Given data:

┄┄┄┄┄┄┄┄┄┄

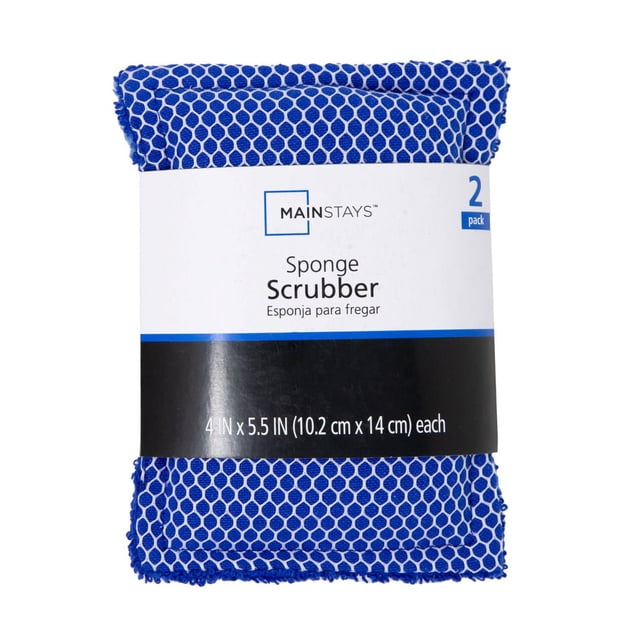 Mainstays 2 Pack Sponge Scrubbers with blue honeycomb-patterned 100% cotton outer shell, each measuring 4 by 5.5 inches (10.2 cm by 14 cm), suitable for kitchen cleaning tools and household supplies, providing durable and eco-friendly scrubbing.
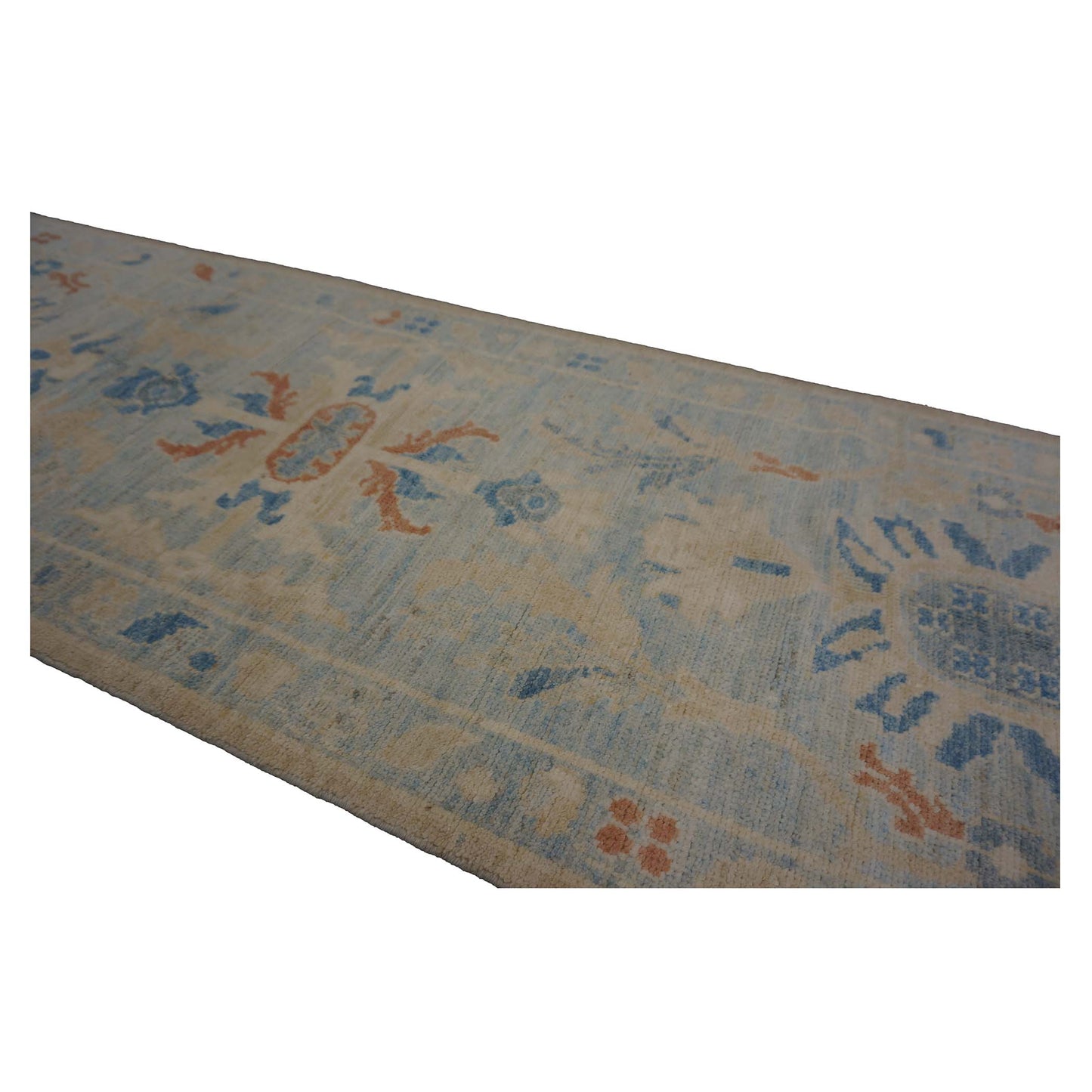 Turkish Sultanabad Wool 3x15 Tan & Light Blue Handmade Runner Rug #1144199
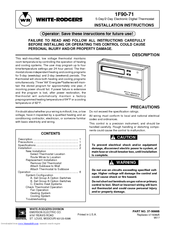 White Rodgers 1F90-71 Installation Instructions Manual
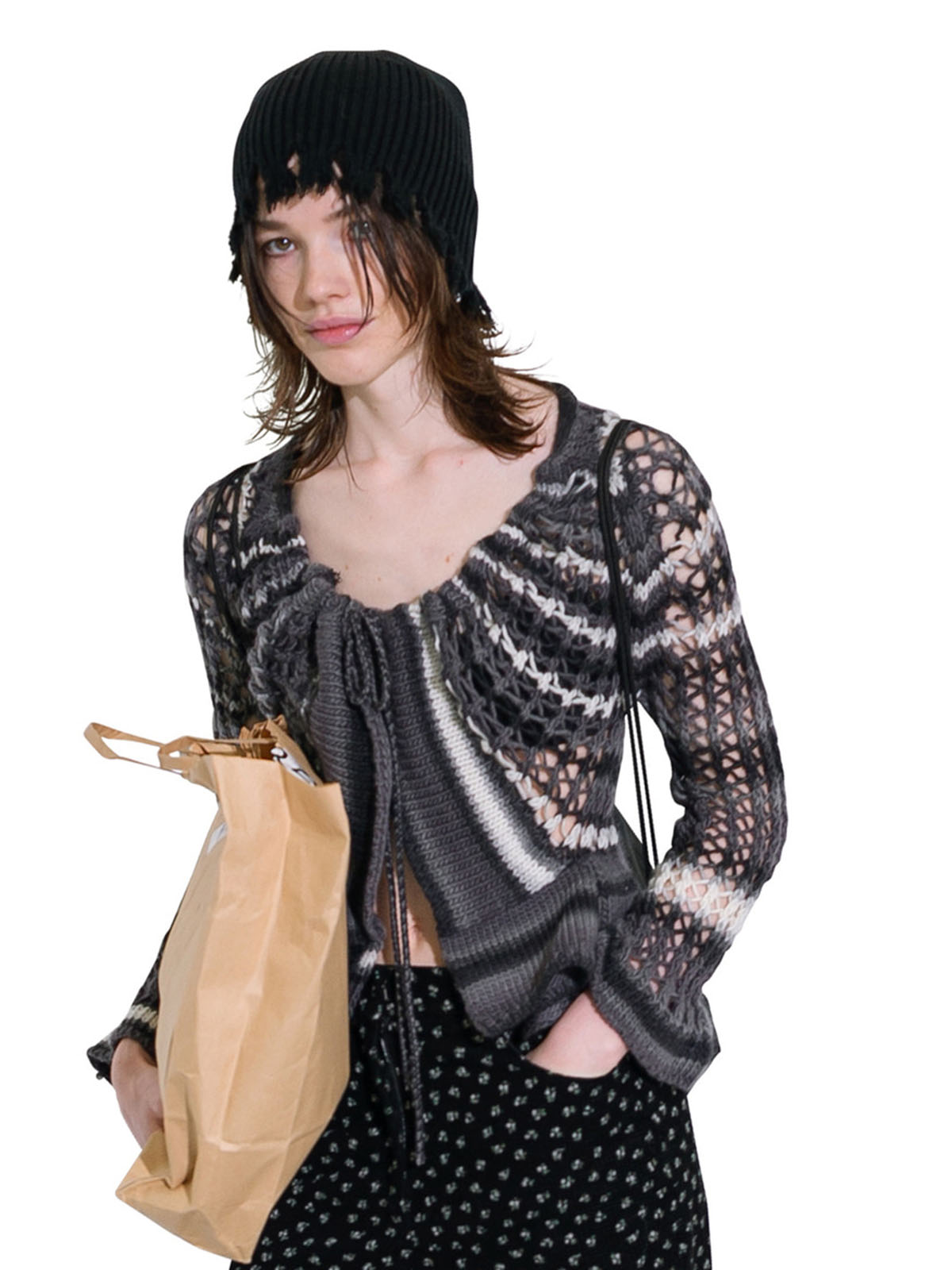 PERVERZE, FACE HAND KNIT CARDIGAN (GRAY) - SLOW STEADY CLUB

┄┄┄┄┄┄┄┄┄┄

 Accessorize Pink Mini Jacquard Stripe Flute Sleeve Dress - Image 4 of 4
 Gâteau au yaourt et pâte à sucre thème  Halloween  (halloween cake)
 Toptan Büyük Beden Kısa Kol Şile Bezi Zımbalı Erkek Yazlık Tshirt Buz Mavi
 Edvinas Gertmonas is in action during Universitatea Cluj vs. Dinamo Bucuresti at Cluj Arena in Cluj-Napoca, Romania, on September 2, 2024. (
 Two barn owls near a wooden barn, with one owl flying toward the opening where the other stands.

┄┄┄┄┄┄┄┄┄┄

Work request: Return only the lines between the one holding "Gâteau au yaourt" and the one holding "Edvinas Gertmonas is", inclusive, exactly as they appear above.

Written solution:
 Gâteau au yaourt et pâte à sucre thème  Halloween  (halloween cake)
 Toptan Büyük Beden Kısa Kol Şile Bezi Zımbalı Erkek Yazlık Tshirt Buz Mavi
 Edvinas Gertmonas is in action during Universitatea Cluj vs. Dinamo Bucuresti at Cluj Arena in Cluj-Napoca, Romania, on September 2, 2024. (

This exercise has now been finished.